The rational faculties of intellect and will were at the heart of many important issues in the Middle Ages, including the relationship between deliberation and free choice, the explanation of intentional action, and the movement of the body by the rational soul. In the contributions that follow, Tobias Hofffmann, Sonja Schierbaum, and Can Laurens Löwe address these issues, respectively. In addition to clarifying various aspects of later medieval psychology, Hoffmann, Schierbaum, and Löwe each demonstrate the continuity between contemporary philosophy and the philosophy of the later Middle Ages.

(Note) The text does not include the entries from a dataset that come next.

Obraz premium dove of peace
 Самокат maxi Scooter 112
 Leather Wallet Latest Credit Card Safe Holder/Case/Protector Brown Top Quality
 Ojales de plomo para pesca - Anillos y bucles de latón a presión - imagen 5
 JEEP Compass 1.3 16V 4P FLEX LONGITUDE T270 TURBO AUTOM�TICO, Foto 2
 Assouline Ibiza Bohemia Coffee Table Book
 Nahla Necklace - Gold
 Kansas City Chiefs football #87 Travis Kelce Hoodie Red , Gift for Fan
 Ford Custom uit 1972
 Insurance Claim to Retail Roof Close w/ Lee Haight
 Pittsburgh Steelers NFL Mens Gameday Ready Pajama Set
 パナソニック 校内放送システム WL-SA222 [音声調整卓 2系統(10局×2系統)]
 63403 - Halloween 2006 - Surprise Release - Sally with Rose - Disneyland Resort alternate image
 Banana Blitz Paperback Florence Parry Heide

One of the most important moments in the history of philosophical psychology was the translation of Aristotle's De anima into Latin and its introduction into the curricula of medieval universities. Borrowing Peter King's phrase, the “neo-Aristotelian synthesis,” the doctrine integrating Aristotle's De anima, its Greek and Arabic commentaries, and the writings of the Church Fathers, particularly Saint Augustine, presented the philosophers of the later Middle Ages with a useful framework for investigating phenomena like thinking, willing, and their effects, namely, the psychology of faculties.1 We find that many of the defining controversies of medieval philosophy were expressed in the language of faculty psychology, and especially the rational faculties of intellect and will, those principles in virtue of which human beings think and will, respectively. Although it might seem that studying these controversies (and the faculties of scholastic philosophy in general) has mere antiquarian value, the following articles show that nothing could be further from the truth. As well as being exemplars of scholarship in the history of philosophy, each of these articles, by tackling a major theme concerning the rational faculties, demonstrates the enduring value of studying the philosophy of the Middle Ages.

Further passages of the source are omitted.